▶ [What is needed]: Which lines below include "Small"? Copy them all.

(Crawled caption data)

[Start of Attachment]

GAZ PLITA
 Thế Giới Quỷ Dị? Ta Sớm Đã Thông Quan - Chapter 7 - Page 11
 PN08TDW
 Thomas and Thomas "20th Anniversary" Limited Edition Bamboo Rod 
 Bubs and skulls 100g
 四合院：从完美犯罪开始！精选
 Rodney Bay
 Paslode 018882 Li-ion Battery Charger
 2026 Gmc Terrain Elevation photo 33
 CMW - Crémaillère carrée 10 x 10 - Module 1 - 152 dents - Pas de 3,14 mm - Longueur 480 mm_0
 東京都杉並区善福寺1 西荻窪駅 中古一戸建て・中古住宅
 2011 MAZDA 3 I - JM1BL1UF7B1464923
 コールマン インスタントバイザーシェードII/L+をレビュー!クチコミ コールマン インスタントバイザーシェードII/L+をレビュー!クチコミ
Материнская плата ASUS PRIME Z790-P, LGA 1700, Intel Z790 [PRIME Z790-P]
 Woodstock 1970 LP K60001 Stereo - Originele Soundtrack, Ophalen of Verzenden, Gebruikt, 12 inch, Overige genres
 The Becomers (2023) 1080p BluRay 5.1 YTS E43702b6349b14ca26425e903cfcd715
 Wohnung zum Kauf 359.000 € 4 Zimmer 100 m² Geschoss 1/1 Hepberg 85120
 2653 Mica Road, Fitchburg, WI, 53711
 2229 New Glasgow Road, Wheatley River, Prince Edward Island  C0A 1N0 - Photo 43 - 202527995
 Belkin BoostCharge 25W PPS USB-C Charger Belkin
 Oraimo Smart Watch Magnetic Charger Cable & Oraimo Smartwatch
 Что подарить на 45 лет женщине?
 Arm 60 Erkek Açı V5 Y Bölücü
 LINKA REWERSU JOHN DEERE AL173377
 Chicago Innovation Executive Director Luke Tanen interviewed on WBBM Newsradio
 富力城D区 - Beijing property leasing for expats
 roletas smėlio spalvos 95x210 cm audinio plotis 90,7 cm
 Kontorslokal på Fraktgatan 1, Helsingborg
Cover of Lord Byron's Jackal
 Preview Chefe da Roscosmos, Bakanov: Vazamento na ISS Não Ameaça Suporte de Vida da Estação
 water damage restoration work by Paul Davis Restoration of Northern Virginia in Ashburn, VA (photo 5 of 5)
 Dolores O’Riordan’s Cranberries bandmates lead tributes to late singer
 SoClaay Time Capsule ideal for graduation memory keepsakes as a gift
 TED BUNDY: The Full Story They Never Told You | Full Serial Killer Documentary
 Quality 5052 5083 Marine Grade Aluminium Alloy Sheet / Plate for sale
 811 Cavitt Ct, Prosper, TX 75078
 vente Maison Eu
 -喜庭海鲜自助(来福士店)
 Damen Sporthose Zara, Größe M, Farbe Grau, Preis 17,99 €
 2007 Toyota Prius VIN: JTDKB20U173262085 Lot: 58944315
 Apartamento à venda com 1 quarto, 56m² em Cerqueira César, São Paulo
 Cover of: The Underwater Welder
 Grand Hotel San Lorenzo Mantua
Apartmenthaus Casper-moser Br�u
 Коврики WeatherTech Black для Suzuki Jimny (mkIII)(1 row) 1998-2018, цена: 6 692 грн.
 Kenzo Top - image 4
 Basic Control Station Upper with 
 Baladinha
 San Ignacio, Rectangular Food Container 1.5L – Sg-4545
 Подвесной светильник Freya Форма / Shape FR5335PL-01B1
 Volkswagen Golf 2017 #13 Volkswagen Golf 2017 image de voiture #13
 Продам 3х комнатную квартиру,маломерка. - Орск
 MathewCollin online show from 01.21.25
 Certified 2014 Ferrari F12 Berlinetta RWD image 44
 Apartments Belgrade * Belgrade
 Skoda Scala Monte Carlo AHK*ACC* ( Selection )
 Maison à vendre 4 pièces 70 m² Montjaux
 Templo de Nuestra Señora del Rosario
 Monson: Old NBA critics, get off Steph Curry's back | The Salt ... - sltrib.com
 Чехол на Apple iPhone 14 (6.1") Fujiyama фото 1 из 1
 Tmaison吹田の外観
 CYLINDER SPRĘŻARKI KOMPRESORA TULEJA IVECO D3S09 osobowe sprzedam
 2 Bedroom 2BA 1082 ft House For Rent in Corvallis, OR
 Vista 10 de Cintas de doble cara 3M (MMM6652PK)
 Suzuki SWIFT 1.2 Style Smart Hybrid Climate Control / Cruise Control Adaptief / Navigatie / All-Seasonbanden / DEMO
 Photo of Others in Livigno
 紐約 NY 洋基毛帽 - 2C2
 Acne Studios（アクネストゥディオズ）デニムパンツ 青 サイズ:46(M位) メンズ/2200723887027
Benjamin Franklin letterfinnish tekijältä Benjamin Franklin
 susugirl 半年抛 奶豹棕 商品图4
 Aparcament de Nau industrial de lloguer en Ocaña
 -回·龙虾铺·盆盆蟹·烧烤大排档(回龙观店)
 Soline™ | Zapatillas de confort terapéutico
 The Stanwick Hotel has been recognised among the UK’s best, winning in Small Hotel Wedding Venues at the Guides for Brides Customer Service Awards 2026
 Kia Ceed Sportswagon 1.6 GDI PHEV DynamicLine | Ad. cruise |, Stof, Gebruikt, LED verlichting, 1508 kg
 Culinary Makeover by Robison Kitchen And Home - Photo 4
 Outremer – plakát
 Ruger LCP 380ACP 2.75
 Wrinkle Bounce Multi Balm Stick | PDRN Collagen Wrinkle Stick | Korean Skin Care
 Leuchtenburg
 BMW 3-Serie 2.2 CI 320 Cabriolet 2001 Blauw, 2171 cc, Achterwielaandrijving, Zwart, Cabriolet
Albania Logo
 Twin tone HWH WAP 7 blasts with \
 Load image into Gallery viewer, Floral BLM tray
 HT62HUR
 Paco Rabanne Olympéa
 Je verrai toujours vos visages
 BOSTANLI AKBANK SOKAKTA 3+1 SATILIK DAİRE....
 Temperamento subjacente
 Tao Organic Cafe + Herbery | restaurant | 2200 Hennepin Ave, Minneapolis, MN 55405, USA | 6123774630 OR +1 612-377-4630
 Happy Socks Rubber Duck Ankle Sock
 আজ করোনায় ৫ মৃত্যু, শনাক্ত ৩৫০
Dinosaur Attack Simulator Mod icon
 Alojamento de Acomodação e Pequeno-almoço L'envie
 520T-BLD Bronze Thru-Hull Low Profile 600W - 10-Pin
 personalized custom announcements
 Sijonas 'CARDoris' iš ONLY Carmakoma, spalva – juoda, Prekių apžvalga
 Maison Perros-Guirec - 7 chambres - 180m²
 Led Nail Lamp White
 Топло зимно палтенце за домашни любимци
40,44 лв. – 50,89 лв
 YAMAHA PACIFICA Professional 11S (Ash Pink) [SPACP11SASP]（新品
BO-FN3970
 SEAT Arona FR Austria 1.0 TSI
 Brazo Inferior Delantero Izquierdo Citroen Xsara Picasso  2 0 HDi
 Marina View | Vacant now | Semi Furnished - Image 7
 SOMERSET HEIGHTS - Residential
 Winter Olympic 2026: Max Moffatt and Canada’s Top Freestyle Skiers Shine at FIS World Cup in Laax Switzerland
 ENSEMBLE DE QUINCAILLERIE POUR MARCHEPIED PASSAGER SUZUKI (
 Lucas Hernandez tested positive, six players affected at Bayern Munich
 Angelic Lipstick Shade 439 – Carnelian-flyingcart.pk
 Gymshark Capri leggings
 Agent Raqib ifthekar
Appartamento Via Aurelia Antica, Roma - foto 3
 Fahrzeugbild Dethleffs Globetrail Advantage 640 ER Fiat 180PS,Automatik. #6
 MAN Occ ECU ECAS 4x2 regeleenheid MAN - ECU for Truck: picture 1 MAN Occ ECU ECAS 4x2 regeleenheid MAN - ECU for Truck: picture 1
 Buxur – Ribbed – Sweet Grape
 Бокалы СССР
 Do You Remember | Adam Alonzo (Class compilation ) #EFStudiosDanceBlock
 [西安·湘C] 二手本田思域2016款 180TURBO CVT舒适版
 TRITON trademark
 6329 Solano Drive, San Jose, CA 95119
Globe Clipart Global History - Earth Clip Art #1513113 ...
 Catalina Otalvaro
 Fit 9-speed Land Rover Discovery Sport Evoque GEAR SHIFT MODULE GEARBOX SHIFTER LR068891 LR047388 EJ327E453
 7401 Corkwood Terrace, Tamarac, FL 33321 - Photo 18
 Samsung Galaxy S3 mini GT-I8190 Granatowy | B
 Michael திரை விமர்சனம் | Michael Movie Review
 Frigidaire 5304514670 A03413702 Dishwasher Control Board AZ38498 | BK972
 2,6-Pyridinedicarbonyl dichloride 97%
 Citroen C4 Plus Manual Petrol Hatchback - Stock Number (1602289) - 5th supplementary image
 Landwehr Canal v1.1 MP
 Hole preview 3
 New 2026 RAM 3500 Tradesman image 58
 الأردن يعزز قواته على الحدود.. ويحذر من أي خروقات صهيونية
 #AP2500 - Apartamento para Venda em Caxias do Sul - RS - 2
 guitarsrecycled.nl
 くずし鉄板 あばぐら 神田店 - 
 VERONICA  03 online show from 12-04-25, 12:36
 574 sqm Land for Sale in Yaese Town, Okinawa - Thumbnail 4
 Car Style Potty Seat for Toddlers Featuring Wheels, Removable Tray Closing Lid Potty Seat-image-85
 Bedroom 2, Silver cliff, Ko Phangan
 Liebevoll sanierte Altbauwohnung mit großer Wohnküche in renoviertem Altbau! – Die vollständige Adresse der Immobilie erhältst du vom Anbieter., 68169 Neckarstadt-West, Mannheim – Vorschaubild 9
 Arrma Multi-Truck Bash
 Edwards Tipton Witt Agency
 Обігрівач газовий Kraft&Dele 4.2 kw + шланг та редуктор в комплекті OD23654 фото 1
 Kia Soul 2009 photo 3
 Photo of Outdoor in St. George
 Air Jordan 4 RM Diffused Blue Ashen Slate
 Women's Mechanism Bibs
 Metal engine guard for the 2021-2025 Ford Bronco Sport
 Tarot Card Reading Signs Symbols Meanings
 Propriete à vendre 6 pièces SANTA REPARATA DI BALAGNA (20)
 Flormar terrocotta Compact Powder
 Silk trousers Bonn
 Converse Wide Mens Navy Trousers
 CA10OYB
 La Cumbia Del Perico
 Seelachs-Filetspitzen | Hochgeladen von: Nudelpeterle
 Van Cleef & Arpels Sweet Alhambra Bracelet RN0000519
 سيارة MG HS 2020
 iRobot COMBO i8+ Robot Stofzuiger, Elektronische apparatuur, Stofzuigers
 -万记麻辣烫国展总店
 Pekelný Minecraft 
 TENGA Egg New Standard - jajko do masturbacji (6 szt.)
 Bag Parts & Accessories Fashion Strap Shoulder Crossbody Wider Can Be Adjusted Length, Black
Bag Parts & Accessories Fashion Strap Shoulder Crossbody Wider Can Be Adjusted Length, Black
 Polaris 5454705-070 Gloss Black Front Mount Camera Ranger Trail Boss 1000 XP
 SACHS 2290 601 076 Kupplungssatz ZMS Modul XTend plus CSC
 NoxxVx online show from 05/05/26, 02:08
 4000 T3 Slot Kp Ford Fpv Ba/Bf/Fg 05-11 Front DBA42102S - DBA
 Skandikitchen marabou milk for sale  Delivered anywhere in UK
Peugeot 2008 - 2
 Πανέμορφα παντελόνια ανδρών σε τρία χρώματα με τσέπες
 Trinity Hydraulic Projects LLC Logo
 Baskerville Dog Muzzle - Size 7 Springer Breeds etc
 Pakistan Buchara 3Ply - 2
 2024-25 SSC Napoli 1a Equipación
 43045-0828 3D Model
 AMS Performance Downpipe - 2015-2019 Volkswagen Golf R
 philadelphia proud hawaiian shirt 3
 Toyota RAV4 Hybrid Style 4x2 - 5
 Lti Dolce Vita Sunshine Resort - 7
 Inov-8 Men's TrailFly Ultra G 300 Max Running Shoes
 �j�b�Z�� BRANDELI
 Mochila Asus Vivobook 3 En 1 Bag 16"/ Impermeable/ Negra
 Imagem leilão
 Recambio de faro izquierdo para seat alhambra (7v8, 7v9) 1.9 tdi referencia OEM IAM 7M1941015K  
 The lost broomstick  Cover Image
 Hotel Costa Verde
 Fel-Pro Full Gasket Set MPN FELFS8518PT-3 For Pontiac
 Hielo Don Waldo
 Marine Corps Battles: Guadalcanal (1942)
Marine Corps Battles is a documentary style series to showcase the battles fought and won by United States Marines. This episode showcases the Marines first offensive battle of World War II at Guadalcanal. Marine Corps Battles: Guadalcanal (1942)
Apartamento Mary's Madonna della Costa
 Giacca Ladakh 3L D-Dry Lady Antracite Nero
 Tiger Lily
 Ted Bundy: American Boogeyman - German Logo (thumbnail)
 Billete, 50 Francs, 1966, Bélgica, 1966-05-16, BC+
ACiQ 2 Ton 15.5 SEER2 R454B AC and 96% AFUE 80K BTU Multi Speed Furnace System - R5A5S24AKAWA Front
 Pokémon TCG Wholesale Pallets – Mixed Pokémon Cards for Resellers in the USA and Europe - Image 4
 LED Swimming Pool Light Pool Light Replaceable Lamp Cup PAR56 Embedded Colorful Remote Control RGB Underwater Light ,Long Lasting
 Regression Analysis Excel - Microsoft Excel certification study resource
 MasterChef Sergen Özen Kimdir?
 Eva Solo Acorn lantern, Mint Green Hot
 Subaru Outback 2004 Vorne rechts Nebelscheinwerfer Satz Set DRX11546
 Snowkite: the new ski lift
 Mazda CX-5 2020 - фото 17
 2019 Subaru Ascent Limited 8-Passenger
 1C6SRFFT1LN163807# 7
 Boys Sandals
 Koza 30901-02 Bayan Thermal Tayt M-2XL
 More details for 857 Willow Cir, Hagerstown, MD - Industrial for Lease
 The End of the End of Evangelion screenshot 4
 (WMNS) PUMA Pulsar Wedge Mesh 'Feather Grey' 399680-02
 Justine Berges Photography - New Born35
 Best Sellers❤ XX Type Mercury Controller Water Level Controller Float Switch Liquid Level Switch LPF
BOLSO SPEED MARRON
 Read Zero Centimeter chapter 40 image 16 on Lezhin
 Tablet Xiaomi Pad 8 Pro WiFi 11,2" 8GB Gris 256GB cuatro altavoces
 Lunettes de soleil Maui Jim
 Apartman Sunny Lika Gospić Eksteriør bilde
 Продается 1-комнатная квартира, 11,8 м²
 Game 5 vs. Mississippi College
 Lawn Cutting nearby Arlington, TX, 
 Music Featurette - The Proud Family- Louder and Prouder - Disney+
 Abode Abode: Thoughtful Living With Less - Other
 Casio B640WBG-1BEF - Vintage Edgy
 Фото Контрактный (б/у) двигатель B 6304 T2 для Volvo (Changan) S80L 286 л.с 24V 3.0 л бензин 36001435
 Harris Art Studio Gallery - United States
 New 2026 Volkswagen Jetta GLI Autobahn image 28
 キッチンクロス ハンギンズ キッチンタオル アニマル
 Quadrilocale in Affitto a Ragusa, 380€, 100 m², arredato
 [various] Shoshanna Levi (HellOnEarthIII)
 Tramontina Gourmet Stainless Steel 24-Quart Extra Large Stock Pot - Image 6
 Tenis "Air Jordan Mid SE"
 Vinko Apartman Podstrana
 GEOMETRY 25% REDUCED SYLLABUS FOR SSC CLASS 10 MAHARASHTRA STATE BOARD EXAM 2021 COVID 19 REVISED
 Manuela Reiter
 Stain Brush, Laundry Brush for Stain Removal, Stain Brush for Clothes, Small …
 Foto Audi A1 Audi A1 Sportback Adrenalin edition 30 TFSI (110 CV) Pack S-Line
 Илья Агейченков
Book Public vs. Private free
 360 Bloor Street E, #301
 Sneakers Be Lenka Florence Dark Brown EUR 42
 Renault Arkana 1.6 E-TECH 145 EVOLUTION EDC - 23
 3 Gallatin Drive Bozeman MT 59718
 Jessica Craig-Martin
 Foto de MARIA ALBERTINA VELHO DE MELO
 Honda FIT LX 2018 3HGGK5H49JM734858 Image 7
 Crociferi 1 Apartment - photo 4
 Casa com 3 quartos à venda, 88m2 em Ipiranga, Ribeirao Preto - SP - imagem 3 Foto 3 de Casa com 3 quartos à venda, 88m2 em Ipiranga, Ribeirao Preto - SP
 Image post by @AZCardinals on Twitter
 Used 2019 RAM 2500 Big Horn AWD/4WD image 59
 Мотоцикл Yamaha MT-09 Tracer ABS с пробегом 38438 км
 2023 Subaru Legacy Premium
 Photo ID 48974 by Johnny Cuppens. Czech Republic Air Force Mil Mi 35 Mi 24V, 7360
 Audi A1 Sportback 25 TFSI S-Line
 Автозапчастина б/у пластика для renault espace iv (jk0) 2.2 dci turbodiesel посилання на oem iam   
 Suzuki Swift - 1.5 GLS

[End of Attachment]

▶ [Completed exercise]:
 The Stanwick Hotel has been recognised among the UK’s best, winning in Small Hotel Wedding Venues at the Guides for Brides Customer Service Awards 2026
 Stain Brush, Laundry Brush for Stain Removal, Stain Brush for Clothes, Small …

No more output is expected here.